Art of the Marquesas
I have written here about the Marquesas before, in relation to Gauguin and Jacques Brel. Now I read an article by Souren Melikian (How Marquesan art became a puzzle, May 28) for the International Herald Tribune, after a recent trip to New York. It's a review of a new exhibit at the Metropolitan Museum of Art called Adorning the World: Art of the Marquesas Islands (open until January 15, 2006):
No one has asked what drove 19th-century Westerners to scrutinize distant cultures, gather their artifacts destined for rituals that are no longer understood, and ensconce them in museum displays irrelevant to their original purpose. The exhibition of artifacts from the Marquesas Islands in French Polynesia, put together at the Metropolitan Museum of Art by Eric Kjellgren and Carol Ivory, is remarkable in its understated elegance. This show is a masterpiece of exhibition design, devised by a staff designer, Daniel Kershaw. But as they peer at works ranging from stone statues to warriors' clubs and food vessels, many visitors will wonder what is the sense of it all.Good stuff. It is worth remembering that, by the time Gauguin had made it to Tahiti (as Melikian points out, Robert Louis Stevenson also visited the Marquesas in 1888, around the same time), he was enamored of a culture that had already mostly evaporated. Also worth your reading time is the review by Holland Cotter, Tikis and Tattoos: A Remote Archipelago Exudes a Potent Presence (New York Times, May 13).

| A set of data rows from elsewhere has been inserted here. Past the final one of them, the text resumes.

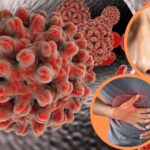 hepatitis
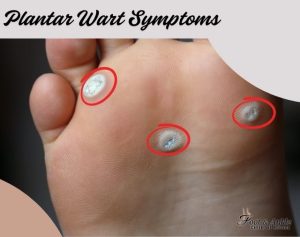Plantar Wart Symptoms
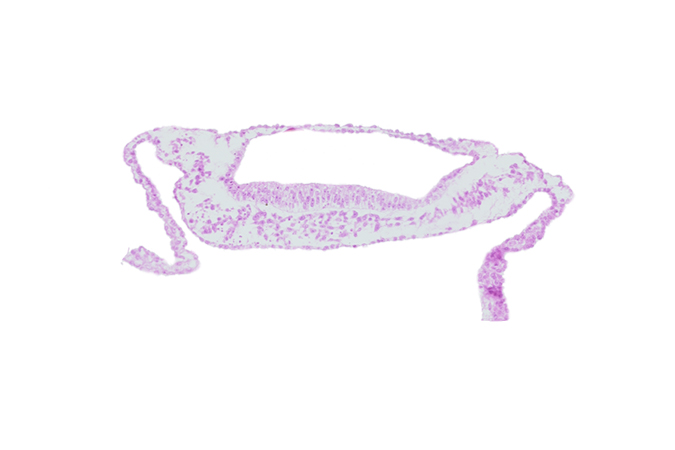 embryonic endoderm, extra-embryonic endoderm, extra-embryonic mesoderm, head mesenchyme, neuroepithelium, neurosomatic junction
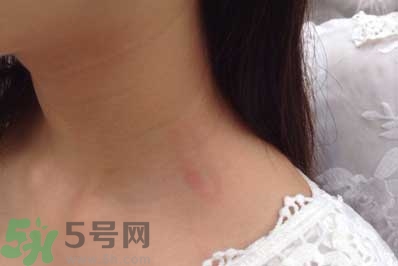 種草莓吻痕是什么意思？吻痕是怎么弄出來的？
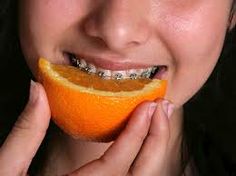 If one of your wires or brackets breaks, don't panic. Don't try to bend the wire or pull it out, which could make things worse. Just cover any sharp edges with wax, and call your orthodontist as soon as possible. - #abbotsford #orthodontics #braces Braces Friendly Recipes, Rice And Corn, Invisible Braces, Heal Cavities, Brace Face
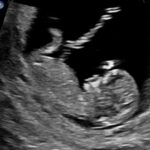 Riley Elliott Instagram - I’m going to be a dad! So stoked to have got to a point in this journey where Amber and I feel confident enough to share our joy, because the biggest thing learnt so far, has been the realities behind trying. I feel like I have a new found sensitivity, likely in part to aid in becoming a father but also because I have felt so powerless in the hurdles my incredible wife has overcome. Miscarriages are things I had never heard much about, but when you are unlucky and experience them, you realise you are not alone and in fact so many friends have run the same road at times. For those who haven’t had to, I do not mean to take anything away from your experiences, I imagine and will likely see that creating a human that then entirely depends on you is hard enough. This will hopefully be our next chapter. But up to this point all I can say is that women are so incredibly strong, so driven, and so capable. It’s really hard when you as a guy feel like the car driving alongside the railway tracks and it’s starting to sway. What I’ve learned so far is all you can do is be a rock of support and tell them that everything will be alright. Seeing tears rush from my wife at our half way scan, being happy tears, made the journey all worth it. To all those mums and ones to be, you are amazing. None of us would be here without you. To all those dads, I can’t wait for dad group chat lol. My next big task before the baby comes is to figure out how I juggle my existing 6year old wolf who never likes sharing the back seat!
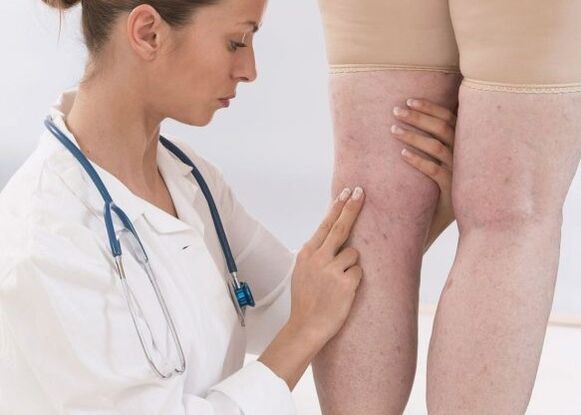 Diagnosticul venelor varicoase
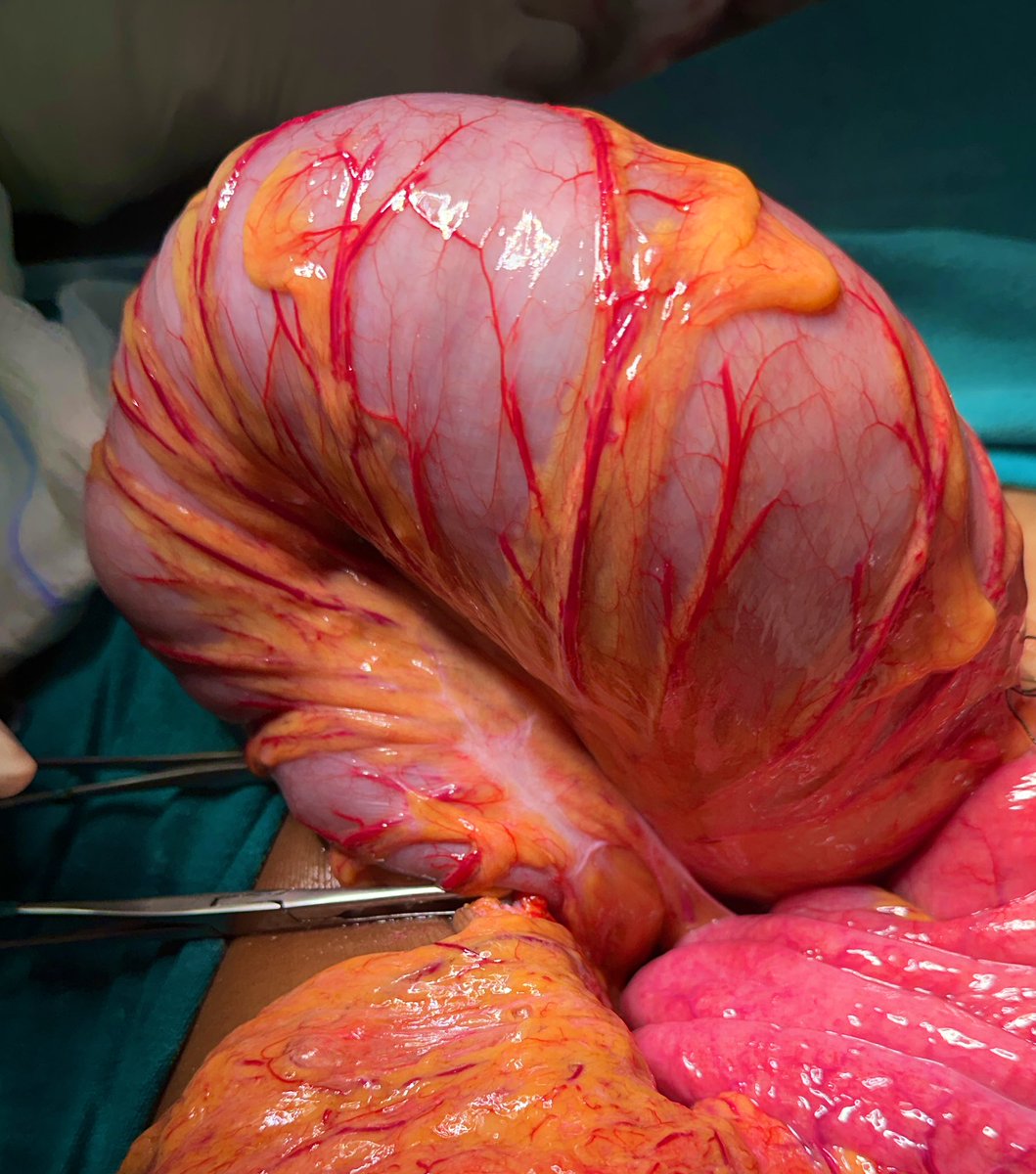 Here is a super-distended sigmoid colon almost about to perforate (burst open) due to a closed loop obstruction caused by a lumen obstructing rectal cancer in a 28 year old lady. 

Timely intervention saved her from a life threatening emergency. 

<a href="/BalcoMedical/">BALCO Medical Centre</a>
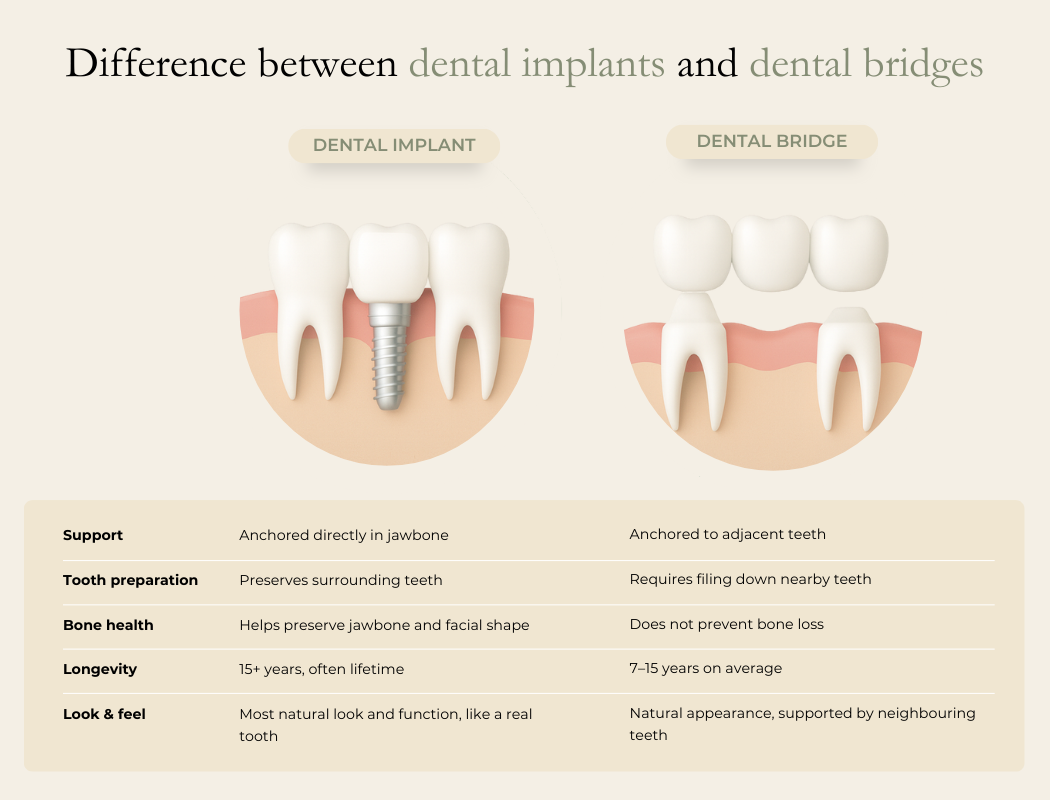 The Oaks Dental-Difference between dental implant and bridge The Oaks Dental neutral bay-Difference between dental implant and bridge
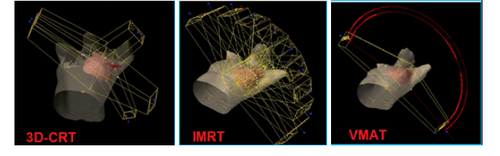 
Hình 3. Thiết kế trường chiếu trong 3 kế hoạch: a) 3D-CRT, b) IMRT, c) VMAT
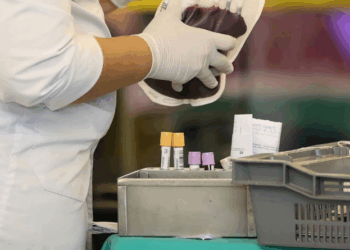 Anemia falciforme foi invisibilizada pelo racismo, mostram entidades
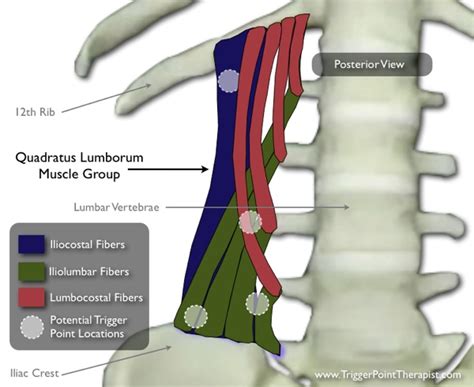Quadratus Lumborum Trigger Points Masters Of Low Back Pain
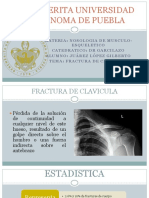 Fractura de Clavicula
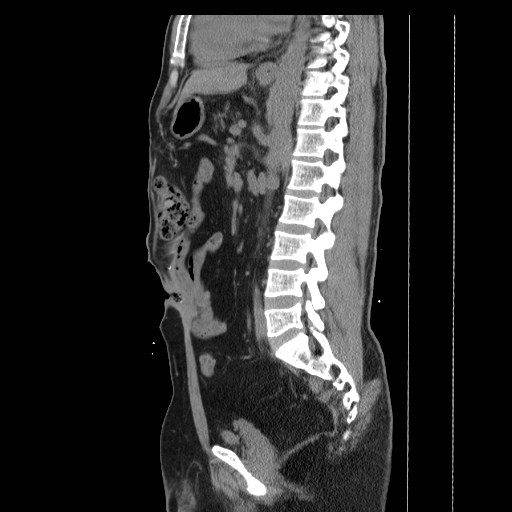 File:Colocutaneous fistula in Crohn's disease (Radiopaedia 29586-30093 C 29).jpg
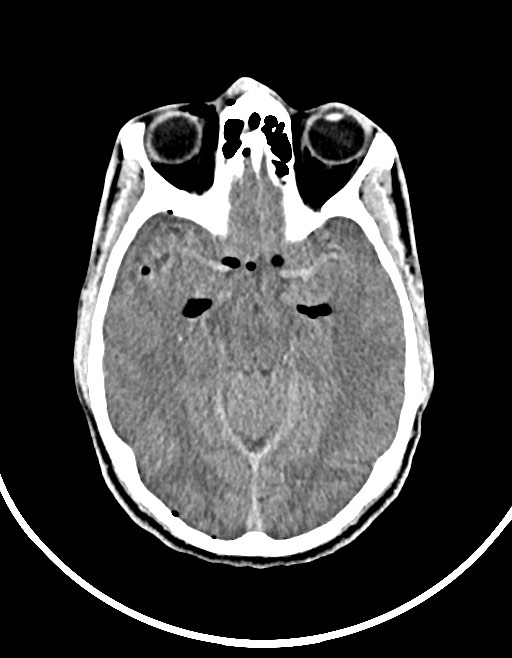 Arrow injury to the brain (Radiopaedia 72101-82607 Axial non-contrast 66).jpg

The very title of the show, "Adorning the World," is revealing. It reflects the perception of strangers of a world where, the organizers are careful to stress, religious concepts dictated figural representation and all motifs were loaded with a meaning. Regrettably, we are unable to decipher them. The job was not seriously attempted in the past, and now it is too late. If there ever was a chance for outsiders to do so, colonization ruined it by blurring, not to say erasing, the identity of its inhabitants. In the exhibition book, Kjellgren discreetly touches on the decimation of the Marquesan population that followed contacts with European travelers. Estimates of the numbers "distributed among the six regularly inhabited islands" prior to such contacts range from 40,000 to 100,000. By the 1860s, they had dropped to around 10,000, and by the mid-1920s they were down to 2,000.